### Task directions
Below are some entries. Repeat exactly the lines from the one with "5th image of 133 N Railroad St" through the one with "今天冬至啦，和婆婆一起包的饺子，大朋友，小朋友大家记得吃饺子哦#婆媳 #好婆婆 #记录生活", and only those.

── Material for this task

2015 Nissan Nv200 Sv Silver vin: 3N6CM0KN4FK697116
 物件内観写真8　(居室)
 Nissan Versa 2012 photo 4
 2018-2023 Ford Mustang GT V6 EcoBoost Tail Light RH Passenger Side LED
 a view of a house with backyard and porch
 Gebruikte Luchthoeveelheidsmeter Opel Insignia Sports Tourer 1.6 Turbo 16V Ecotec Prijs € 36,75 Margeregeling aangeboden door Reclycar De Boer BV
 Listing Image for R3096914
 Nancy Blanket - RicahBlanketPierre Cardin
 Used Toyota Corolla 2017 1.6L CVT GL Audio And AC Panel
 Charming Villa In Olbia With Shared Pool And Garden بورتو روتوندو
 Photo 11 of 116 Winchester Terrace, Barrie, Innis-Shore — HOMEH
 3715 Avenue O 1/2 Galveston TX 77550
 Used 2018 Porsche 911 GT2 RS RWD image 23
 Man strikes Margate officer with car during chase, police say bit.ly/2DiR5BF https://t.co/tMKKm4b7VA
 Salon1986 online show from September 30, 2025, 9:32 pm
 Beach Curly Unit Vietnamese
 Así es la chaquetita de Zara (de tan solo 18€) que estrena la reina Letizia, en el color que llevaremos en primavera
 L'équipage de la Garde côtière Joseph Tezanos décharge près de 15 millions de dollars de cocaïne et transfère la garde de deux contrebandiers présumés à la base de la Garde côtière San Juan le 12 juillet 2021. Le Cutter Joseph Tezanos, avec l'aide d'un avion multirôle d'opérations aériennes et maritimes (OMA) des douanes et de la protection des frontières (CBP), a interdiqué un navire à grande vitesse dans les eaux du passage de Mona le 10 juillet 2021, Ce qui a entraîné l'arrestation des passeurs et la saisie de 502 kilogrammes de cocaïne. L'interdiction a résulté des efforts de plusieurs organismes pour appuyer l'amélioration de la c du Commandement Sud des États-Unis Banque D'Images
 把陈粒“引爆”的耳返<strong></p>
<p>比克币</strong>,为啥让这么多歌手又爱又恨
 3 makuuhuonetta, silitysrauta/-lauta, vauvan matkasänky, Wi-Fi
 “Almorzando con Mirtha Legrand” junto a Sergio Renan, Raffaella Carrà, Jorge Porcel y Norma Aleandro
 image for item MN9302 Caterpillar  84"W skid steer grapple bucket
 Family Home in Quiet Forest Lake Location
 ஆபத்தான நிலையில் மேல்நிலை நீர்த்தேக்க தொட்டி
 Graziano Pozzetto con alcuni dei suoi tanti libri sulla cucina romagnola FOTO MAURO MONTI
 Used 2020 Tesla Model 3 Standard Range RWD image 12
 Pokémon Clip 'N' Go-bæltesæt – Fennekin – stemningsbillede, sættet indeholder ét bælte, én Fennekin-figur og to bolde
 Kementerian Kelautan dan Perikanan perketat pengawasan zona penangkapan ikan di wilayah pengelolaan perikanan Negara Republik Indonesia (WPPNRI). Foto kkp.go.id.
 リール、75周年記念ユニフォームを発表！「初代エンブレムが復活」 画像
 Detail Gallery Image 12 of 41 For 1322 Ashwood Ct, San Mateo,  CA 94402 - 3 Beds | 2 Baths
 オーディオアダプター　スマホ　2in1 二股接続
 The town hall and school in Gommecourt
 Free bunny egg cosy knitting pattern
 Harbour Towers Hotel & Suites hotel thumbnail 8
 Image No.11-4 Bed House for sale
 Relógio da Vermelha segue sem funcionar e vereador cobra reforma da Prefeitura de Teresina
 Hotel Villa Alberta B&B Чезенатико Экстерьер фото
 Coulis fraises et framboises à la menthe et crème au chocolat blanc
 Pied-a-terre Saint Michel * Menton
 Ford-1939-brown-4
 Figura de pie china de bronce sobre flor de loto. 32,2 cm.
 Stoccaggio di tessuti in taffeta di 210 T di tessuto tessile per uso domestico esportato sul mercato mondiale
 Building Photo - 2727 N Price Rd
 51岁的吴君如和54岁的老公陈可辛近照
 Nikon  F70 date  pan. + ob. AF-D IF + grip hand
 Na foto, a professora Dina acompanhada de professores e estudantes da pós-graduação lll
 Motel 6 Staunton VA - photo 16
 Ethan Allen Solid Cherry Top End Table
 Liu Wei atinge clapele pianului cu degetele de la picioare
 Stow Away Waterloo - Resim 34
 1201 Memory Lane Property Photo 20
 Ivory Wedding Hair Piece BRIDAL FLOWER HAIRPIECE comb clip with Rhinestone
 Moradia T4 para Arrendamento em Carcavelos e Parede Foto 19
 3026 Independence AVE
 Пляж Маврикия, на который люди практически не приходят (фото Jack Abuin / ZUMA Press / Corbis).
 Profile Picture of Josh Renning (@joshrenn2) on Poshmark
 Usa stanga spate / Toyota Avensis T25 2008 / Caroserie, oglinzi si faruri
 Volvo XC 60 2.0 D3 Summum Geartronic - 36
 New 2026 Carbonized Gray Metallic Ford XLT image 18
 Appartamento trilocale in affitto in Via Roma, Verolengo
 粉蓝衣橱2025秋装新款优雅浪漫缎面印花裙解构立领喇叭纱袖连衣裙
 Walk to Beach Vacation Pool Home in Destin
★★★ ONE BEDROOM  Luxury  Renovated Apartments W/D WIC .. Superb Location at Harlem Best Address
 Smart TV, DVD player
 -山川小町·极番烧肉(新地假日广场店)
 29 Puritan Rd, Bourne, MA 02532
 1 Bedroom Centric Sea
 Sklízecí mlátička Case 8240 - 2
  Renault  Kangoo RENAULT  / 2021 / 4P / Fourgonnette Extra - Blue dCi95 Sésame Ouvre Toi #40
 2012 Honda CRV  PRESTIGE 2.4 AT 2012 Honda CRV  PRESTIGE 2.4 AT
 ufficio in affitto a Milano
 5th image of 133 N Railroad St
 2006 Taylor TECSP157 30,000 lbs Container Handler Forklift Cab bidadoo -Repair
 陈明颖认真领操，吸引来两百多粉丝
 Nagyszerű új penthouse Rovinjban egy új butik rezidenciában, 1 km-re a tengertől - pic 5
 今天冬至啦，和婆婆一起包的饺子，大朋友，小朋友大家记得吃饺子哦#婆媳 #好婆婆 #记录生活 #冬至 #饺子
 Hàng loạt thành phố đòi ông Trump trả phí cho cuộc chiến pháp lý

────

### Written answer
 5th image of 133 N Railroad St
 2006 Taylor TECSP157 30,000 lbs Container Handler Forklift Cab bidadoo -Repair
 陈明颖认真领操，吸引来两百多粉丝
 Nagyszerű új penthouse Rovinjban egy új butik rezidenciában, 1 km-re a tengertől - pic 5
 今天冬至啦，和婆婆一起包的饺子，大朋友，小朋友大家记得吃饺子哦#婆媳 #好婆婆 #记录生活 #冬至 #饺子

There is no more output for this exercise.